With the intention to further validate the effectiveness of the method, a set of temperature control experimental system is designed, and the system structure is shown in Figure 5. Among them, ADAM4016 is the key component, which sends a 3-way switch signal to control the 3 solid-state relays. The solid-state relay controls the actual power of the heating body by controlling the on-off of the AC power supply. The heating body is composed of two 20W soldering iron heads tightly bound together. The temperature sensor is PT100. The temperature signal is changed from the integrated transmitter to the current signal, 0∼200°C corresponds to 4∼20 mA. The transmitter can also display the temperature of the heating element in real time. In order to make the temperature of the heating element reduced quickly at some time, a fan is installed on the surface of the heating element. If you need to exert certain interference to the control, you can press the button switch of the fan to cool the heating element.

The corresponding control software is compiled using BorlandC++3.1 under the DOS7.0 operating system, and the single-degree-of-freedom PID control algorithm based on fuzzy genetic algorithm, the two-degree-of-freedom PID control algorithm based on basic genetic algorithm, and the two-degree-of-freedom PID control algorithm based on fuzzy genetic algorithm are all realized. The system’s set temperature is 40°C, and the experimental results are depicted in Figure 6.

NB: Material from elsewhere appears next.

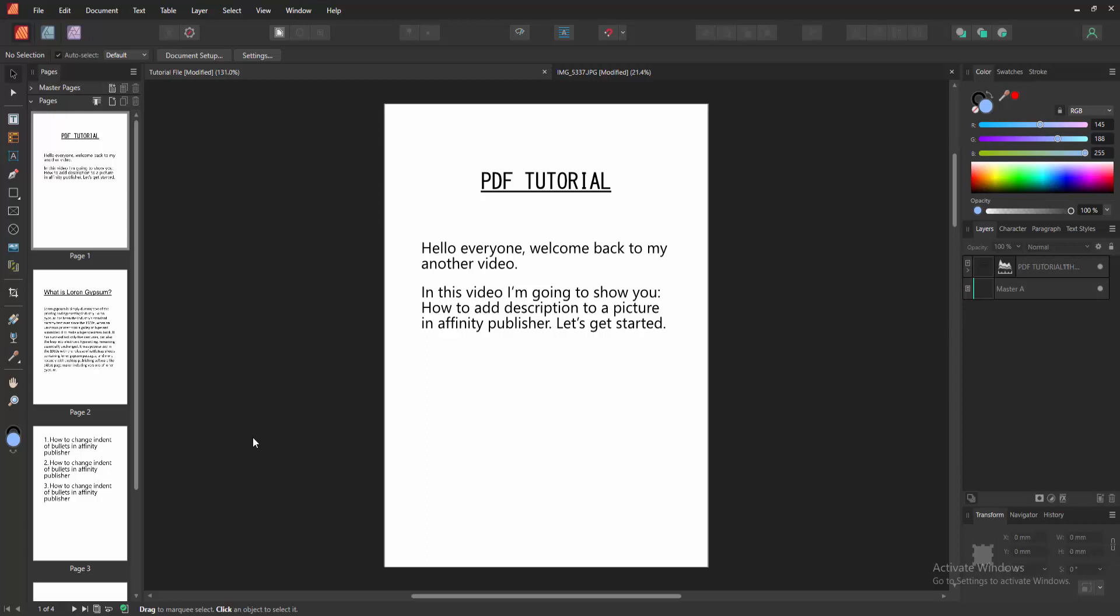Assalamualaikum, hello friends, how are you? Welcome back to my another video.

Curve 1 shows the system response under two-degree-of-freedom PID control, curve 2 shows the system response under two-degree-of-freedom PID control set based on the traditional genetic algorithm, and curve 3 shows the system response under single-degree-of-freedom PID control adjusted by the fuzzy genetic algorithm proposed in curve 3. A conclusion similar to the simulation results can be obtained by comparing the two curves, which verifies the effectiveness of the method.

4. Conclusions

A fuzzy genetic algorithm-based parameter optimization method for two-degree-of-freedom PID controllers is proposed, which addresses the problem of challenging parameter tuning in standard two-degree-of-freedom PID controllers. The experimental and simulation results are good. The improved genetic algorithm not only has the advantages of simple operation, wide adaptation, and good robustness of the basic genetic algorithm, but also has faster convergence speed and higher efficiency, which is a parameter optimization method suitable for engineering applications. Classic genetic algorithm evolution tends to terminate after 37 generations, with a fitness value of 7.135, whereas fuzzy genetic algorithm development tends to halt after 20 generations, with a fitness value of 7.486, according to the experiment and simulation data. The system may benefit from the 2-DOF PID controller’s strong target value following and interference suppression characteristics at the same time.

Data Availability

The data are available from the corresponding author upon request.

Conflicts of Interest

The authors declare that there are no conflicts of interest.